(GIVEN DATA)

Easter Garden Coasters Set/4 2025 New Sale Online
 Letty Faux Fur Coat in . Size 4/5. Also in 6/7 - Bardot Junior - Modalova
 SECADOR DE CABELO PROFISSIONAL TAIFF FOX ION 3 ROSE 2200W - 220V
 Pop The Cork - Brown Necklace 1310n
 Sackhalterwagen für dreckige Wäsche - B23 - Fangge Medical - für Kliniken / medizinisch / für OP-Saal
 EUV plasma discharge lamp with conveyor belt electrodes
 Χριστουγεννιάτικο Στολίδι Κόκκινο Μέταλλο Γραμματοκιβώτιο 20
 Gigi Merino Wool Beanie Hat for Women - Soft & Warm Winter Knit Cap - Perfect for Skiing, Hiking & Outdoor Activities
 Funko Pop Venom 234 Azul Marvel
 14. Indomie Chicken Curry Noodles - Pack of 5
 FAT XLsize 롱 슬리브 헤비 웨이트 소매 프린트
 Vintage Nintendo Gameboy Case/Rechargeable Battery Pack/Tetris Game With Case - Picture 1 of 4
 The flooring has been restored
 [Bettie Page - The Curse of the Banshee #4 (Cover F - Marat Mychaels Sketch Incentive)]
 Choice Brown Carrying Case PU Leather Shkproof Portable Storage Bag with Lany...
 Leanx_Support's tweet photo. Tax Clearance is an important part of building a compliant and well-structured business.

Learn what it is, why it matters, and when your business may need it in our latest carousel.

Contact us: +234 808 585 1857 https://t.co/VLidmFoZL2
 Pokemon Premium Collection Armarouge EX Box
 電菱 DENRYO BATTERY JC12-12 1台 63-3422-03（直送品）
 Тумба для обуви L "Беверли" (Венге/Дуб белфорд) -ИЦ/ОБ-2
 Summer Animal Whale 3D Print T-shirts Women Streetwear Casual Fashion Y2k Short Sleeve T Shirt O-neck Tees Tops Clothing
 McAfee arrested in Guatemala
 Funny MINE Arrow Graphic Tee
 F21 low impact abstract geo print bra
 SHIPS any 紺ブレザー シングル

(End GIVEN DATA)

**YOUR TASK**: Filter the records, keeping only lines that contain "Brown", and show those lines.

**ANSWER TO THE PROBLEM**:
 Pop The Cork - Brown Necklace 1310n
 Choice Brown Carrying Case PU Leather Shkproof Portable Storage Bag with Lany...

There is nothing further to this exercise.